In Russia non è stata dichiarata la quarantena nazionale per combattere il coronavirus. De facto però la gran parte delle regioni della Federazione ha introdotto il regime di autoisolamento e sta mettendo a punto diversi sistemi di controllo dei cittadini, che, come temono l’opposizione e gli esperti del diritto, potrebbero essere usati anche dopo l’emergenza Covid. In particolare, il comune di Mosca obbligherà i cittadini a richiedere un codice QR per uscire di casa e li controllerà attraverso le camere di videosorveglianza. “Ho l’impressione che col pretesto del regime di situazione d’emergenza, le autorità cercheranno di costruire un sistema di sorveglianza per il futuro”, dice a ilfattoquotidiano.it l’avvocato Damir Gajnutdinov del gruppo internazionale dei difensori dei diritti umani “Agora”. E uno dei leader dell’opposizione Dmitrij Gudkov ha parlato di un “campo di concentramento digitale” riferendosi al potenziamento degli strumenti di sorveglianza, secondo lui già in uso dalle autorità.

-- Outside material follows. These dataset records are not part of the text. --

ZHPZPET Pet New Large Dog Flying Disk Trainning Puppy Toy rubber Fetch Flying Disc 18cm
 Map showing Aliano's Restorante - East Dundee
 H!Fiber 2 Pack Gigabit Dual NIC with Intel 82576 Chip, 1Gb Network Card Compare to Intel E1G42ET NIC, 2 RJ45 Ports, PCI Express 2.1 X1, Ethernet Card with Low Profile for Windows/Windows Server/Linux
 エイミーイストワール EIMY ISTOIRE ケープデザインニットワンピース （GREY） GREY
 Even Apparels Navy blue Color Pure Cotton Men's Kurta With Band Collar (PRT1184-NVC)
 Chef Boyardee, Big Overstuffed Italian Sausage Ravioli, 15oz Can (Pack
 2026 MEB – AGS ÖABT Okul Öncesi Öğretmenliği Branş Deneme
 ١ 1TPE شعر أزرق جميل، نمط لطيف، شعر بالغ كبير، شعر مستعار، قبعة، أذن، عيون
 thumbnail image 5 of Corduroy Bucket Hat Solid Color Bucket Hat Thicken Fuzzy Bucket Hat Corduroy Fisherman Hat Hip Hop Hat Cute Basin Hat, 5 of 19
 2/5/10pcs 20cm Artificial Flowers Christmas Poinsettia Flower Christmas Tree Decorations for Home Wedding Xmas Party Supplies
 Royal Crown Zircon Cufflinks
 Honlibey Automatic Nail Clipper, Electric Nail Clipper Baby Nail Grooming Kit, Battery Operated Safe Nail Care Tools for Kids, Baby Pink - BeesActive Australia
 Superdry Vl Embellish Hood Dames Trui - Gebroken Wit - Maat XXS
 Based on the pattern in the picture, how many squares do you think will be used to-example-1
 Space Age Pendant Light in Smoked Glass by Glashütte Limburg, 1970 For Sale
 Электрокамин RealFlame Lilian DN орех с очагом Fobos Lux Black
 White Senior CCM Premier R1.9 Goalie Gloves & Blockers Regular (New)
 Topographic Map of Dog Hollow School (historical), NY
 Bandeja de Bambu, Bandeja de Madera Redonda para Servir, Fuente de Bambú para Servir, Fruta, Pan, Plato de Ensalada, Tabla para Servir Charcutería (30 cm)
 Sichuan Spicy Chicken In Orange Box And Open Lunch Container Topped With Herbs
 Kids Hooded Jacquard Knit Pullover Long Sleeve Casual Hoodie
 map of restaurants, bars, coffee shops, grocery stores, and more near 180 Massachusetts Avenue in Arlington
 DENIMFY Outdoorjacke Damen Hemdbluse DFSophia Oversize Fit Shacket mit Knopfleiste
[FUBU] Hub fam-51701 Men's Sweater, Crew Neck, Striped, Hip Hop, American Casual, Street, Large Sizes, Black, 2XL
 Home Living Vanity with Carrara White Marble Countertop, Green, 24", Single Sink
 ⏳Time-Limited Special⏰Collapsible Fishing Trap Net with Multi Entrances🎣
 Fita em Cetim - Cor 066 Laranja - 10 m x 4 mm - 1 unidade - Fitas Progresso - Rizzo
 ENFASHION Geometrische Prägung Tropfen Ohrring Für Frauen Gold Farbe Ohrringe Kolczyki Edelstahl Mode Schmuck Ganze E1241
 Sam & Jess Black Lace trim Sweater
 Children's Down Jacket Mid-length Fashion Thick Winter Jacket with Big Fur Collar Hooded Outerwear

La “vacanza nazionale” – La settimana di ferie fino al 5 aprile dichiarata dal presidente russo Vladimir Putin per dare la possibilità di restare a casa sembra aver sortito l’effetto contrario: nel weekend successivo all’annuncio i parchi di Mosca erano strapieni di persone che facevano grigliate. Sembra che questi comportamenti abbiano spinto il sindaco di Mosca Sergej Sobjanin a decretare a sorpresa, nella serata di domenica 29 marzo, il regime di autoisolamento a casa per tutti i moscoviti. Ha contribuito sicuramente anche la crescita dei contagi in Russia, che al 1 aprile hanno sfiorato quota 3000 (più della metà dei quali a Mosca) con 24 decessi. È risultato positivo al Covid-19 anche il primario dell’ospedale di Kommunarka Denis Protsenko, che solo una settimana fa ha incontrato Putin e gli ha stretto la mano. Il presidente sta bene e “viene testato regolarmente per coronavirus”, ha riferito il suo portavoce Dmitrij Peskov. “In questi giorni il presidente preferisce fare tutto a distanza, tutto online”, ha detto Peskov.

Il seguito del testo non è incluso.